Und er zwinkert ihnen zu und er geht und er tut so ... als wären sie und Flash ein Paar.

Halleluja.

Die Geliebte des Donnergottes

»Wirf deine Satteltaschen da drauf, Cowboy.« Aja deutet auf die schäbige Matratze, auf der schon ein Schlafsack liegt.
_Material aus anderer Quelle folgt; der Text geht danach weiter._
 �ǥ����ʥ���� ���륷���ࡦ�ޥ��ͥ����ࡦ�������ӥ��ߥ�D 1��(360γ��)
Ansonsten ist das Schlafzimmer ihres Vaters bis auf ein Paar alte Kinosessel unter Kleiderhaufen leer. Es riecht verhalten nach Eselstall.

Flash lädt seine Fahrradtaschen und seinen Schlafsack neben die Matratze. Der andere Schlafsack ... Aja will, dass sie hier zusammen die Nacht verbringen! Die Nächte bis zur Abgabe ihres Projekts! Er spürt die Wärme, die von ihrem Körper ausgeht. Ihr Anblick ist in seine Netzhaut gebrannt: Das lange braune Haar hat sie in zwei Pferdeschwänze gebändigt, ihren zierlichen Körper in ein schwarzes T-Shirt über Jeans gezwängt, ihre Füße sind nackt. So stellt er sich Sif vor, die Geliebte des Donnergottes Thor.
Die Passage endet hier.